§ Entries shown
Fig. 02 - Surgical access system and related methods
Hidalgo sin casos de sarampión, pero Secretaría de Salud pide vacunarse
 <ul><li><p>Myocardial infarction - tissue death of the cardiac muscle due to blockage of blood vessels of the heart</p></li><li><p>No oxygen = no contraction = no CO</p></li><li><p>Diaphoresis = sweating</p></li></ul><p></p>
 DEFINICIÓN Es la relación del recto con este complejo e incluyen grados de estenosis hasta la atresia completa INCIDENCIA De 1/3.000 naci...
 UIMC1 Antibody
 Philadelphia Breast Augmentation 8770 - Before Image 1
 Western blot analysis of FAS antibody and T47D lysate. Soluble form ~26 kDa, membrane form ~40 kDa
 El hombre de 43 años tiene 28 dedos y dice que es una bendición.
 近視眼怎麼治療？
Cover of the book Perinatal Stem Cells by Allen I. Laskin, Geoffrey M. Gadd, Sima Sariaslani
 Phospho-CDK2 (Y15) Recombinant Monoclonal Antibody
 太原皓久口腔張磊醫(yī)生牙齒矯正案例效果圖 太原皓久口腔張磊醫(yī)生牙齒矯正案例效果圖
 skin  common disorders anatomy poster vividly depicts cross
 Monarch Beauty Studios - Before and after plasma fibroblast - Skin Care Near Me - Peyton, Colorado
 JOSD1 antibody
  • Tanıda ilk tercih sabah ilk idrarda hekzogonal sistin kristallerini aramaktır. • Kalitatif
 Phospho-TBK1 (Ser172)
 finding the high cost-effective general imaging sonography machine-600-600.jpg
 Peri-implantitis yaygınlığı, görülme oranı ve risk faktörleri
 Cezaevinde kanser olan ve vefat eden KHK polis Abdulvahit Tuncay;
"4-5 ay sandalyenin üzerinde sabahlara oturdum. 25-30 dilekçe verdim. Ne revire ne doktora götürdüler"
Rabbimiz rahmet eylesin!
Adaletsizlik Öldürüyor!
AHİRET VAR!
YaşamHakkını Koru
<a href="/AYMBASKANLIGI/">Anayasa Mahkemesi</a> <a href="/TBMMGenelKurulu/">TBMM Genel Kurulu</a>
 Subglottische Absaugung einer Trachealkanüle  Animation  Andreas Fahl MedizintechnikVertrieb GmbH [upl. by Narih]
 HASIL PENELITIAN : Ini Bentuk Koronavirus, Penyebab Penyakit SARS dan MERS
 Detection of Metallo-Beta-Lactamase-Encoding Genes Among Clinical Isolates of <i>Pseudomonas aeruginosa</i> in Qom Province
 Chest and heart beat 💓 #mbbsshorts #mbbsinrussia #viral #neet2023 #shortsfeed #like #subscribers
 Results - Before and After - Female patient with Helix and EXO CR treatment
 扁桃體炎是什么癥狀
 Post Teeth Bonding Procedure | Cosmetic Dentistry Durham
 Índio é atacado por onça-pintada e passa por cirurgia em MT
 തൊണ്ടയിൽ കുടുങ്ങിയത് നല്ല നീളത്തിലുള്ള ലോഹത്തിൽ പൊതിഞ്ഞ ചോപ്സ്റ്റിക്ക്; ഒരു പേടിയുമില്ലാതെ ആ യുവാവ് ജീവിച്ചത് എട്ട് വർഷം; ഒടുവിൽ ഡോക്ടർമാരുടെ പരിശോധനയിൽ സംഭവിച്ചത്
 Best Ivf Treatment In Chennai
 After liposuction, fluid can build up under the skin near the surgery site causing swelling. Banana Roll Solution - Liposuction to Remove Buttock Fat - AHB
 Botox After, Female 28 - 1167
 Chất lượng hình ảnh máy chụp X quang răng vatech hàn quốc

§ What this task involves
The response must consist solely of the lines from the one with "Botox After, Female 28 - 1167" through the end of the listing above, copied exactly; please include the first and the last.

§ Final answer
 Botox After, Female 28 - 1167
 Chất lượng hình ảnh máy chụp X quang răng vatech hàn quốc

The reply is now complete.